Once it started to get dark outside, and once the teachers and chaperones had all begun either falling asleep or sinking into a post-field-trip state of not giving a shit, a game of Truth or Dare developed. Paul Wolham rubbed his penis against the window and pretended he’d had an orgasm. Lauren Langer had to say whether she’d ever had a sex dream. John Swider had to go to the front of the bus and ask the driver if there was anywhere on board to poop.

I could see where this was going. Being friends with Thomas was like being friends with an alcoholic; chances to creep out Michelle were his liquor stores, his bars. He and I went back to join the game just after Michelle and Rebecca did. By then Rebecca and I may have been breaking up; anyway we didn’t acknowledge each other.

It was Alex Rozmarin, this spastic red-haired kid, who finally dared Michelle to kiss Thomas. There are no secret crushes in middle school; Thomas’s hopelessness was becoming as public a fact as his intelligence.

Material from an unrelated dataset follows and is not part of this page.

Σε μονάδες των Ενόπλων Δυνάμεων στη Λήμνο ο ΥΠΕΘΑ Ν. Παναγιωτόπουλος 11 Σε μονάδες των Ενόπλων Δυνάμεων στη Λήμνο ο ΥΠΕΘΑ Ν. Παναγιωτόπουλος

It wasn’t a fact for him, though. He turned toward her and raised his eyebrows in a way that said, Well? Here I am, and I guess we’re going to have to do this, aren’t we?

She didn’t move and she wasn’t (it was as clear as if she’d said it) even thinking about it. “Truth,” she said. “I choose truth.”

“You said dare!” Alex shrieked. “You can’t go back! You have to kiss Thomas!”

But he was overruled. Thomas stayed standing but now he’d turned his face away from Michelle, down toward the floor, and he seemed to be shrinking inward, like a burning leaf. In the look that had come over her at the thought of having to kiss him, he’d finally seen the truth. If the bus’s back door had been open I think he would have flung himself out.